→ **Exercise description**: For every record below, repeat the text exactly and pass over any image.

→ **Records supplied**:
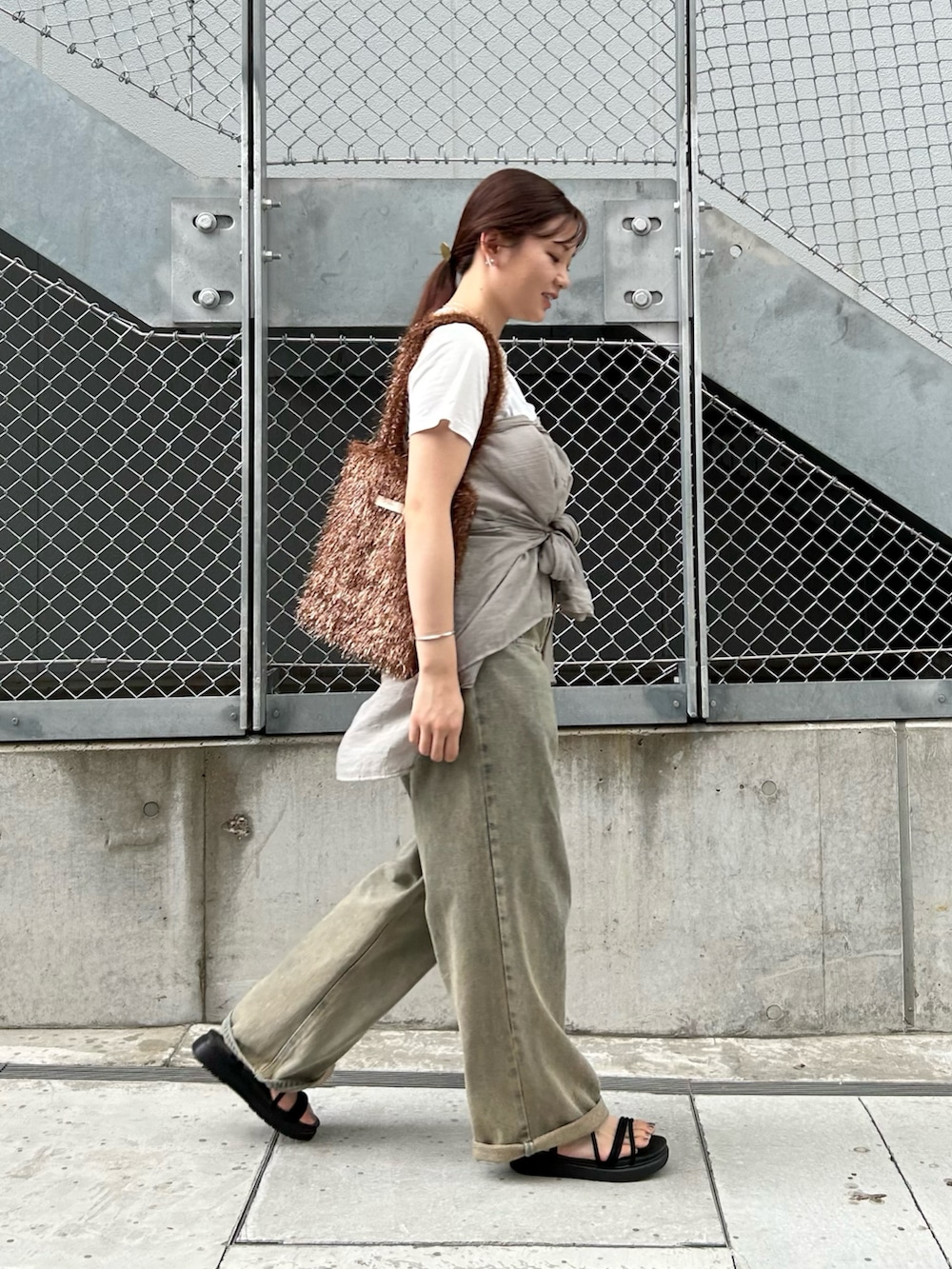 ブラウン系のトートバッグ、ホワイト系のTシャツ/カットソー、グレー系のシャツ/ブラウスを着用したレディースの夏コーディネートの4枚目の写真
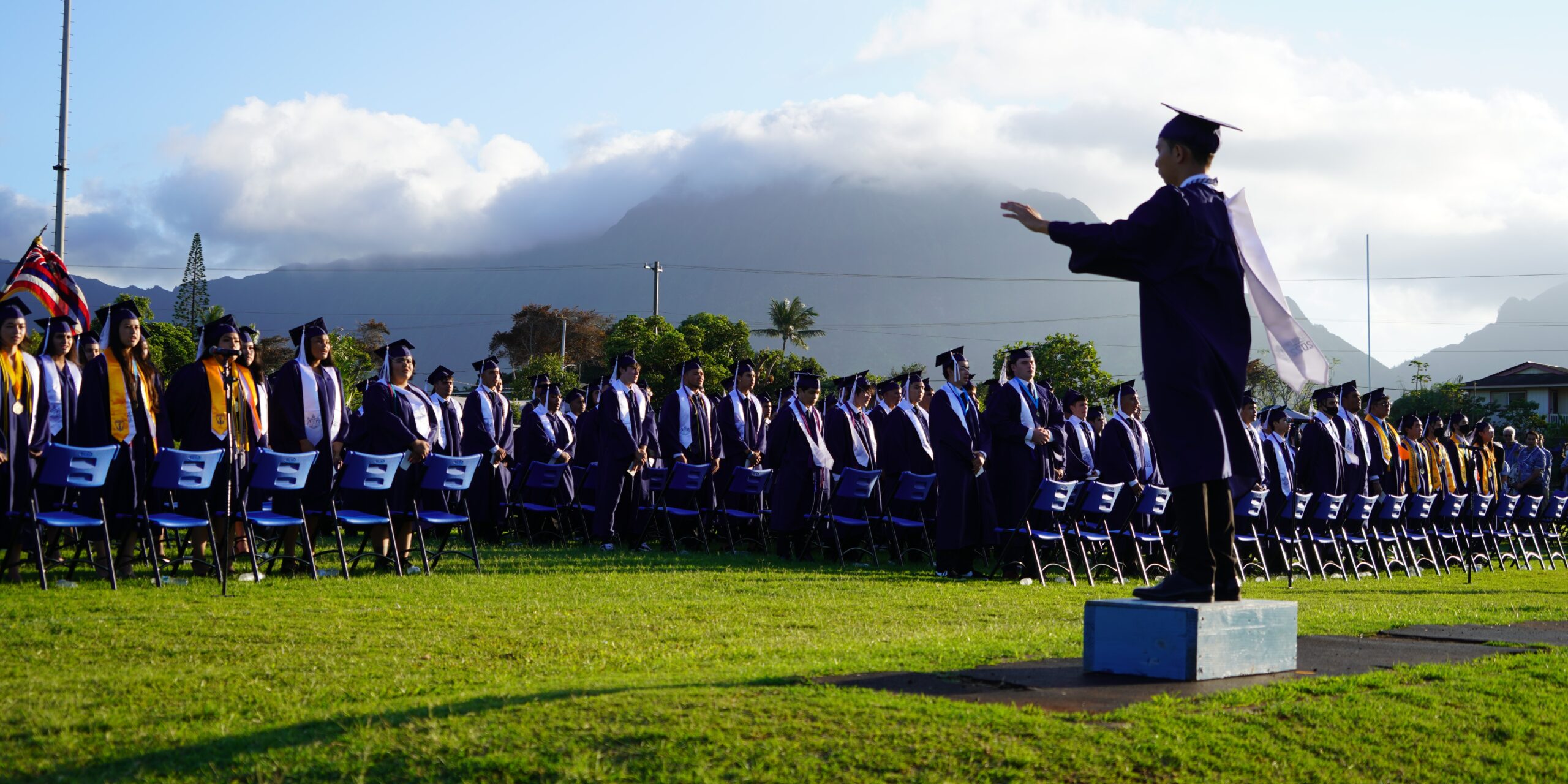 Graduating student standing on top box in a field leading the graduating class in a song.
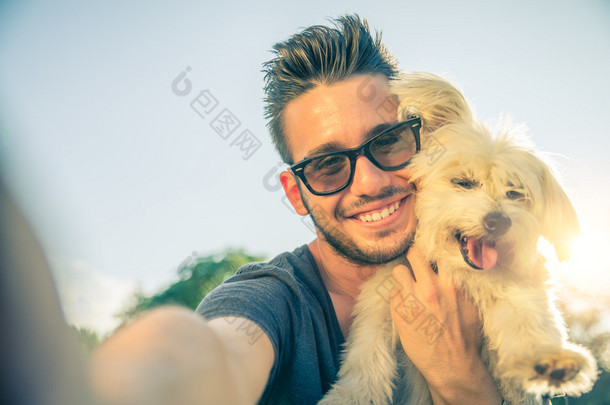 年轻男子和他的狗采取自拍照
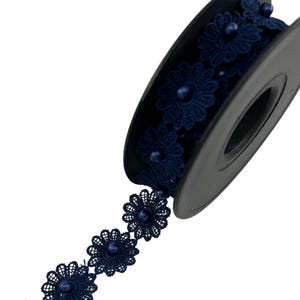 Könnte beinhalten: Eine Spule mit dunkelblauem Spitzenband mit einem sich wiederholenden Blumenmuster. Jedes einzelne Blumenmotiv ist in der Mitte mit einer kleinen, runden, passenden dunkelblauen Perle verziert. Die Spitze ist auf eine schwarze Kunststoffspule gewickelt.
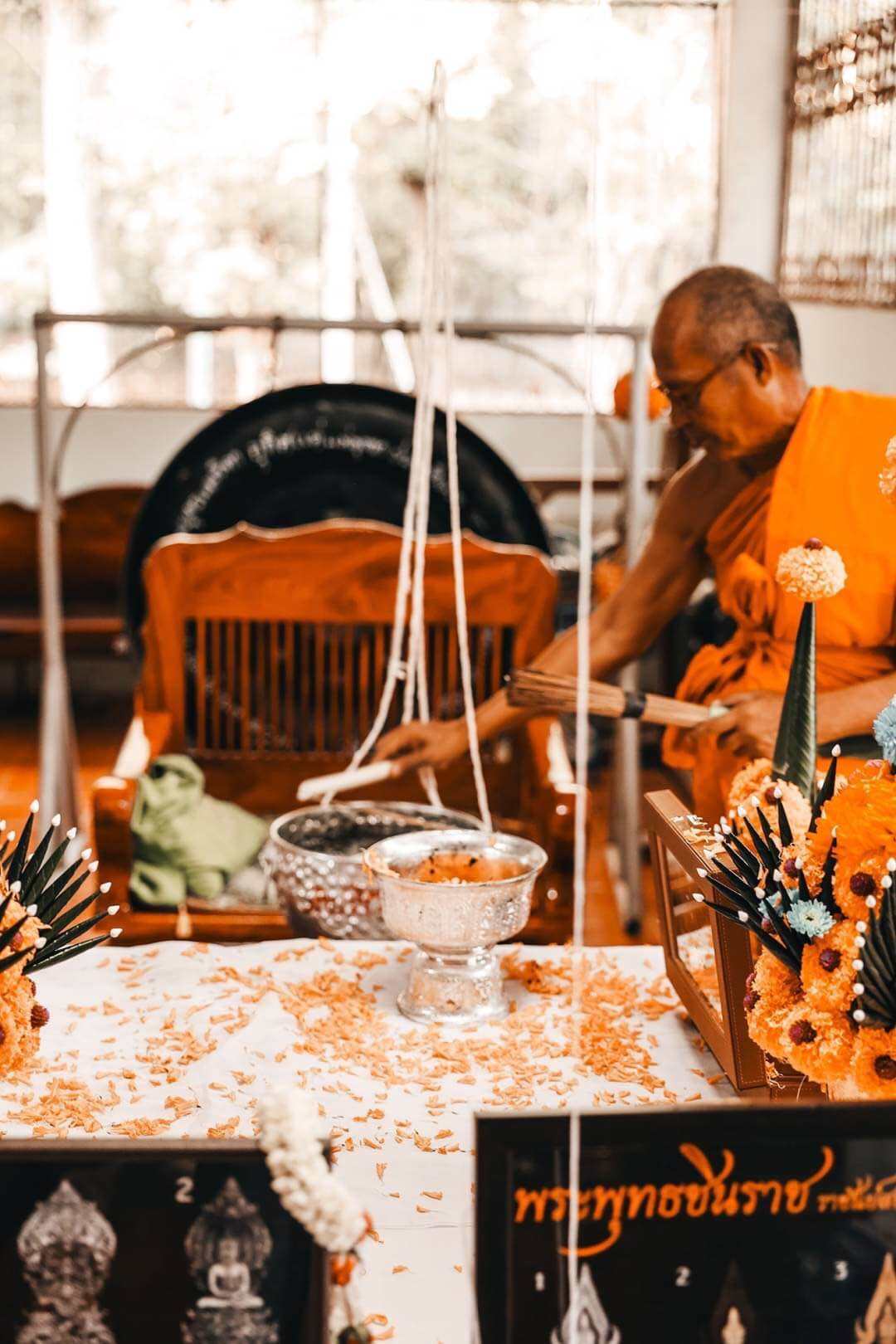 Thai monk blessing Phra Nak Prok statue bronze amulet on altar with marigold offerings and ceremony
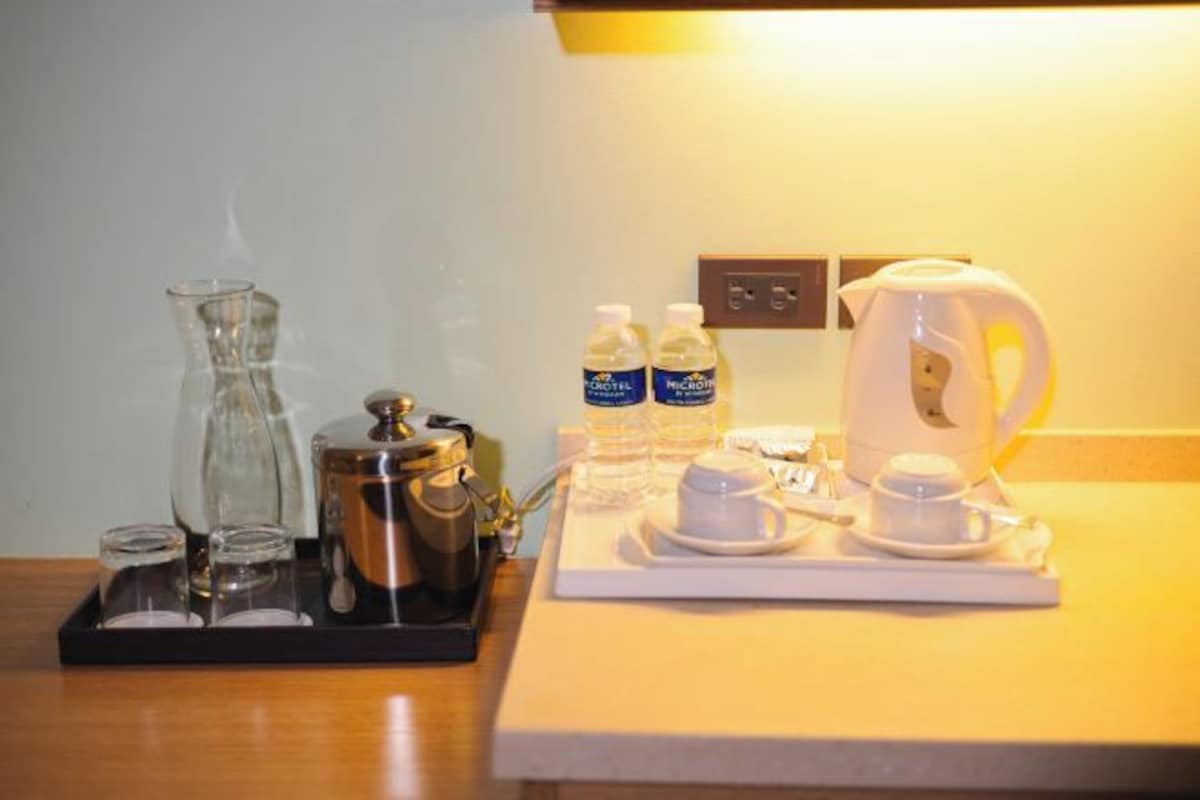 A hotel room's breakfast setup with a coffee maker, tea pot, water bottles, and a tray with cups and saucers.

→ **Output for this exercise**:
 ブラウン系のトートバッグ、ホワイト系のTシャツ/カットソー、グレー系のシャツ/ブラウスを着用したレディースの夏コーディネートの4枚目の写真
 Graduating student standing on top box in a field leading the graduating class in a song.
 年轻男子和他的狗采取自拍照
 Könnte beinhalten: Eine Spule mit dunkelblauem Spitzenband mit einem sich wiederholenden Blumenmuster. Jedes einzelne Blumenmotiv ist in der Mitte mit einer kleinen, runden, passenden dunkelblauen Perle verziert. Die Spitze ist auf eine schwarze Kunststoffspule gewickelt.
 Thai monk blessing Phra Nak Prok statue bronze amulet on altar with marigold offerings and ceremony
 A hotel room's breakfast setup with a coffee maker, tea pot, water bottles, and a tray with cups and saucers.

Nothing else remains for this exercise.